As I had the chickungunya virus, bitten by an Aedes aegyti mosquito carrying the virus while in the Caribbean island of Saint Martin, I got to wondering if It was the cause of my current problems; primarily musculoskeletal and fatigue. So I took some time to research this issue. This virus was never seen in the Caribbean until late 2013 and was in epidemic proportion by 2014, the year I was bitten. Much has been learned about the effects of this virus since the epidemic in the French Reunion Islands.
To keep it brief, the effects are very much like the symptoms many of us have in this group, and can become chronic in the older population..60+. The virus is virtually global . The treatments are guess what? Corticosteroids, medication for neuropathic pain, methotrexate with folic acid, calcium and immune -modulating drugs and the family of of drugs in which Rituxan falls; duration and dose determined by severity and symptoms. Fatigue and musculoskeletal pain are the primary chronic symptoms with impaired quality of life.

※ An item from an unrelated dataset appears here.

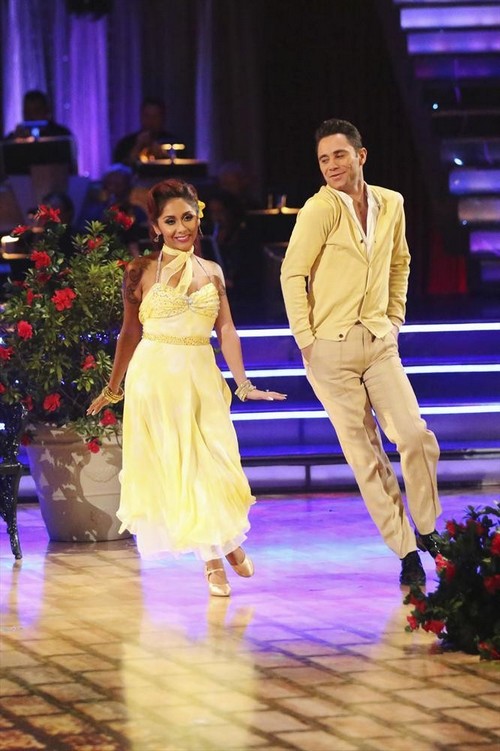 Nicole “Snooki” Polizzi Dancing With the Stars Samba Video 10/28/13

When a person has had the virus, and blood tests do not match up with symptoms, and there is no alternative diagnosis, the virus is confirmed to have a long term impact on physical and mental health. Thirty months after acute infection, symptoms are still present in some cases.

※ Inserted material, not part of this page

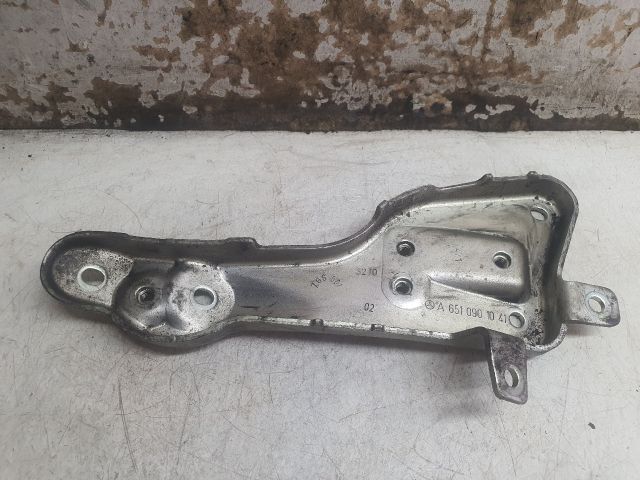 bontott MERCEDES-BENZ C-CLASS Motor Tartó Bak (Fém)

Corticosteroids and methotrexate with physical therapy for the long term is the maintenance standard. The symptoms do seem to lessen over time.
Unfortunately, only physicians as well as rheumatologists and other specialists who practice in tropical areas are knowledgeable. It is now a global virus. It mimics vasulitis and other autoimmune diseases. The question of whether people can recover to a pre-chickungunya state is still unanswered in the 60+ population.